If I’ve a worry with this one, it’s that I’ve used a filter to wash out the image so I can post it, big, to the background. A sort of move I’ve mostly foresworn. I don’t want no clipart looks here, and no Photoshop tricksies. I try to get my pretty effects from low tech – Sharpies, tree leaves. When I use high tech for effects I go for fails and distortions – scanner noise, leaf stem blur.
But I just so love how the image, blown that large, makes a surreal hillscape, and it’s gotta be grey. Left black it’s too chunky and too foreground.
Have I sold out? Thoughts, any?
And just a note to self. If I do end up feeling okay about the enlarged and greyed out forms – they have real potential for the animations. Surreal backgrounds and vertiginous shifts of scale.

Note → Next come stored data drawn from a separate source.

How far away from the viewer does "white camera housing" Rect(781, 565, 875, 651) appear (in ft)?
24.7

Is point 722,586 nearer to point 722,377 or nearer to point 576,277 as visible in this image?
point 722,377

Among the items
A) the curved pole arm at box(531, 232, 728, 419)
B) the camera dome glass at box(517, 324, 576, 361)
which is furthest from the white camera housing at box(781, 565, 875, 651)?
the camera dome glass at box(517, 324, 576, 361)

Abjected forms of a divine spark
Another image from Overject. Got by inscribing, very quick, two phrases, over and over at all angles, till they become mostly unintelligible. Then beginning to complete the forms the collisions of the letter forms propose.

The circles are outlines of kitchen saucers. The phrases:
and
Been thinking through, with a couple of friends, the aleatory – chance operations – and how contingency pokes out in places not usually thought of as aleatory.

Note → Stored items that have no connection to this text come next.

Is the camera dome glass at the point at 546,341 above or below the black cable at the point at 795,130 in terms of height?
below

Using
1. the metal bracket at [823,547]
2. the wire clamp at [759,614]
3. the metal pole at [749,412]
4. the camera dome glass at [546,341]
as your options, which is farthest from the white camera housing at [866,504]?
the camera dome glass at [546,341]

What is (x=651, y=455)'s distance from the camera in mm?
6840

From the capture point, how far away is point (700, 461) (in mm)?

In the above image, I got the base layer, the tangle of intersecting phrase noise, by inscribing so rapidly I wasn’t in charge of anything, except that one phrase cohered mostly around one circle, the other mostly around the other. I experienced the end result as a set of accidents whose conditions I needed to work among. No dice were thrown, no darts. But how different really was my procedure from a full-blooded aleatory procedure?
It’s just, maybe, that I was the dice.
And the phrases themselves, “I” didn’t “write” them, they just “came to me,” on the treadmill of all places. Where exactly is the edge where the aleatory ends and deliberate design, or however you want to label all the other poetry being made, begins?
The panel proposal we’re drafting: “Everywhere Is Aleatory.” More soon.